Let J, f, g and a be given.

Assume Hf: f ∈ power_real J.

Assume Hg: g ∈ power_real J.

Assume HaA: a ∈ power_real_clipped_diffs J f g.

We will prove a ∈ R.

Apply (ReplE_impred J (λj : set ⇒ power_real_coord_clipped_diff f g j) a HaA (a ∈ R)) to the current goal.

Let j be given.

Assume HjJ: j ∈ J.

Assume Haj: a = power_real_coord_clipped_diff f g j.

rewrite the current goal using Haj (from left to right).

We prove the intermediate claim Hfpred: total_function_on f J (space_family_union J (const_space_family J R R_standard_topology)) ∧ functional_graph f ∧ ∀i0 : set, i0 ∈ J → apply_fun f i0 ∈ space_family_set (const_space_family J R R_standard_topology) i0.

An exact proof term for the current goal is (SepE2 (𝒫 (setprod J (space_family_union J (const_space_family J R R_standard_topology)))) (λf0 : set ⇒ total_function_on f0 J (space_family_union J (const_space_family J R R_standard_topology)) ∧ functional_graph f0 ∧ ∀i0 : set, i0 ∈ J → apply_fun f0 i0 ∈ space_family_set (const_space_family J R R_standard_topology) i0) f Hf).

We prove the intermediate claim Hfcoords: ∀i0 : set, i0 ∈ J → apply_fun f i0 ∈ space_family_set (const_space_family J R R_standard_topology) i0.

An exact proof term for the current goal is (andER (total_function_on f J (space_family_union J (const_space_family J R R_standard_topology)) ∧ functional_graph f) (∀i0 : set, i0 ∈ J → apply_fun f i0 ∈ space_family_set (const_space_family J R R_standard_topology) i0) Hfpred).
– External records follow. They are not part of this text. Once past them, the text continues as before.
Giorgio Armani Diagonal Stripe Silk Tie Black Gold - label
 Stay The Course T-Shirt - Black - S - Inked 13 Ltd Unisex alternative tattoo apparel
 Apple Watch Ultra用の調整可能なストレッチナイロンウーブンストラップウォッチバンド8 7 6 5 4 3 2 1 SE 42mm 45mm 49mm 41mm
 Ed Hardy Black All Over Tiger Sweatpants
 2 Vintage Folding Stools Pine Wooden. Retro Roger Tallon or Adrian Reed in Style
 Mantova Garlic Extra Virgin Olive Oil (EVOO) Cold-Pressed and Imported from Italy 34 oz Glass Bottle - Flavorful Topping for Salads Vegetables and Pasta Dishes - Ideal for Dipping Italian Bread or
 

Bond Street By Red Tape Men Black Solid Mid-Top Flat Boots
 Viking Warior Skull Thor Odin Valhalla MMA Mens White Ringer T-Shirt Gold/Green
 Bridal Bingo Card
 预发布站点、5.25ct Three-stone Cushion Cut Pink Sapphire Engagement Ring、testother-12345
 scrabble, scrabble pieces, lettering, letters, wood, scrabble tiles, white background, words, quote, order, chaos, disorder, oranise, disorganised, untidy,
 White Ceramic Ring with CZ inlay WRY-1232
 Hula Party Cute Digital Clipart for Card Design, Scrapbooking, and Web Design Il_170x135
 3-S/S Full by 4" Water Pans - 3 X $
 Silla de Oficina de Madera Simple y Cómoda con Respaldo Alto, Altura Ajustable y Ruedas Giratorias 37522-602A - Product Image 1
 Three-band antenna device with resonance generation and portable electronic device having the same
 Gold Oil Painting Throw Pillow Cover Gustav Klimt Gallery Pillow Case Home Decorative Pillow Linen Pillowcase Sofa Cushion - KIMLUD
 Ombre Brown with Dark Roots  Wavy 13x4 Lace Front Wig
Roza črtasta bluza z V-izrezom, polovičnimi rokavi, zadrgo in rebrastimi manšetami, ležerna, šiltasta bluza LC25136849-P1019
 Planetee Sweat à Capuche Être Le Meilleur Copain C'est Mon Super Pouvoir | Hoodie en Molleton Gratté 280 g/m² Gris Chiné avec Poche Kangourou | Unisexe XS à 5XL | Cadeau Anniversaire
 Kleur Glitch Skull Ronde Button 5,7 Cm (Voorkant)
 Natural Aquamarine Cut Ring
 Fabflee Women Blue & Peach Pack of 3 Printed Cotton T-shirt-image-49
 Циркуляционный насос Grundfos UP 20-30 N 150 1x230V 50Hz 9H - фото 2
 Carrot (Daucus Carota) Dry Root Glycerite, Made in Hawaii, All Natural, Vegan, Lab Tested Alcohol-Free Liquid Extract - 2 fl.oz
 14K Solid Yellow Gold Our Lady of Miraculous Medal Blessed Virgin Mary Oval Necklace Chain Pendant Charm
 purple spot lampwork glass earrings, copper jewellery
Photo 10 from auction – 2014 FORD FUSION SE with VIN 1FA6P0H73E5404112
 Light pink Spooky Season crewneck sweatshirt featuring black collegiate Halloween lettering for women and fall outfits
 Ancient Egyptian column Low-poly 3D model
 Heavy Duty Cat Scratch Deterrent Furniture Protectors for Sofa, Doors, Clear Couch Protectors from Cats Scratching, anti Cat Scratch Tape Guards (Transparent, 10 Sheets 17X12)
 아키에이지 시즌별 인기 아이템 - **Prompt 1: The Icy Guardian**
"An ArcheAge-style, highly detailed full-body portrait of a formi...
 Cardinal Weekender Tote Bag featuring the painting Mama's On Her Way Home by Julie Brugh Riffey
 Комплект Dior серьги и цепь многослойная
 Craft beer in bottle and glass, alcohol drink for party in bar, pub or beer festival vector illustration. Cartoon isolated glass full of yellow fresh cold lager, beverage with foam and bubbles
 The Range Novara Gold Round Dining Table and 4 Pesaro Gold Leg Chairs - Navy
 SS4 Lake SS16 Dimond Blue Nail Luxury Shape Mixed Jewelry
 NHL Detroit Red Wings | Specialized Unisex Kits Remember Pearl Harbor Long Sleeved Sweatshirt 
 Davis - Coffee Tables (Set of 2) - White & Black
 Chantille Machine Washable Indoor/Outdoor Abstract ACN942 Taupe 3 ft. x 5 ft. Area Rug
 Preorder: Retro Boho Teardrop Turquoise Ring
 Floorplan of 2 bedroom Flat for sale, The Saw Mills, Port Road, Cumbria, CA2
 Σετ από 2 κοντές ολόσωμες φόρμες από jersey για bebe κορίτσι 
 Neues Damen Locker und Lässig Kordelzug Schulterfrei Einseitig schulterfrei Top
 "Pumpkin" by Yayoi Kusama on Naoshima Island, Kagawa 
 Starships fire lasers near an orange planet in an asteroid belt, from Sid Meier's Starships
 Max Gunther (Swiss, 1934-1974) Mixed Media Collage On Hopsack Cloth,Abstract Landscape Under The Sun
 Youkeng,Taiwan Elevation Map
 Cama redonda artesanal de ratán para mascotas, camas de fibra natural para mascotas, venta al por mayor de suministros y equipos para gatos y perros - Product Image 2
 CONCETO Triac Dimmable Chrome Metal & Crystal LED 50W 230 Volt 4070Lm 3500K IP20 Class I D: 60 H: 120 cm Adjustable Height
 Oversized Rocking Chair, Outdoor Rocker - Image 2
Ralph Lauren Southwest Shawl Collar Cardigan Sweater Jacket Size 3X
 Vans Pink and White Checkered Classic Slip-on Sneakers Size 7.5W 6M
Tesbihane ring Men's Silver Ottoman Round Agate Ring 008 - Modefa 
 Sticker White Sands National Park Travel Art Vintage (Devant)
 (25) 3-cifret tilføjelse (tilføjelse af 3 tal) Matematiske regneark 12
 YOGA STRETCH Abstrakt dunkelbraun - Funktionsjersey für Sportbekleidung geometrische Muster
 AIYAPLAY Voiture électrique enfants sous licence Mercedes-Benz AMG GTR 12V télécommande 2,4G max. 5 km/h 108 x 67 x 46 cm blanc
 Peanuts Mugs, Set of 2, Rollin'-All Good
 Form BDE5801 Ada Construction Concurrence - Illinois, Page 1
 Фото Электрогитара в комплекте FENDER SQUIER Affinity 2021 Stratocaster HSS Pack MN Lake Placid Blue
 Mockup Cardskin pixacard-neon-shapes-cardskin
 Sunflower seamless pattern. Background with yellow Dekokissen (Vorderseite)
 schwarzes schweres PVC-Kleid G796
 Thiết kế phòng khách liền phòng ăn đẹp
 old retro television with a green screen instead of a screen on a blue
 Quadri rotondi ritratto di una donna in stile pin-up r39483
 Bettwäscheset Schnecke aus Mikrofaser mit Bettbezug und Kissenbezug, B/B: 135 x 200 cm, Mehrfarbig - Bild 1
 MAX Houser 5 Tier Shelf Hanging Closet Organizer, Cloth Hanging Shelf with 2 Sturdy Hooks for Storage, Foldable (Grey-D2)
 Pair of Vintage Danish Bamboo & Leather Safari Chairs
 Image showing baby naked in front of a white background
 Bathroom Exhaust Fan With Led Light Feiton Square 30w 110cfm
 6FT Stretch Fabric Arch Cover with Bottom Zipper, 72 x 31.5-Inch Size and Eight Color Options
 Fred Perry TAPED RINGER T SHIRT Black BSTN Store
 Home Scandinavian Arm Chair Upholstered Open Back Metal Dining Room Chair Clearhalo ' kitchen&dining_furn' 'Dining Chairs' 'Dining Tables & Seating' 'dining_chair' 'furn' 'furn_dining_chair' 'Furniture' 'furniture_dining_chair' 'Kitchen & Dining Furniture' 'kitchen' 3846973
We prove the intermediate claim HfjSet: apply_fun f j ∈ space_family_set (const_space_family J R R_standard_topology) j.

An exact proof term for the current goal is (Hfcoords j HjJ).

We prove the intermediate claim HfjR: apply_fun f j ∈ R.

rewrite the current goal using (space_family_set_const_space_family J R R_standard_topology j HjJ) (from right to left).

An exact proof term for the current goal is HfjSet.

We prove the intermediate claim Hgpred: total_function_on g J (space_family_union J (const_space_family J R R_standard_topology)) ∧ functional_graph g ∧ ∀i0 : set, i0 ∈ J → apply_fun g i0 ∈ space_family_set (const_space_family J R R_standard_topology) i0.

An exact proof term for the current goal is (SepE2 (𝒫 (setprod J (space_family_union J (const_space_family J R R_standard_topology)))) (λg0 : set ⇒ total_function_on g0 J (space_family_union J (const_space_family J R R_standard_topology)) ∧ functional_graph g0 ∧ ∀i0 : set, i0 ∈ J → apply_fun g0 i0 ∈ space_family_set (const_space_family J R R_standard_topology) i0) g Hg).

We prove the intermediate claim Hgcoords: ∀i0 : set, i0 ∈ J → apply_fun g i0 ∈ space_family_set (const_space_family J R R_standard_topology) i0.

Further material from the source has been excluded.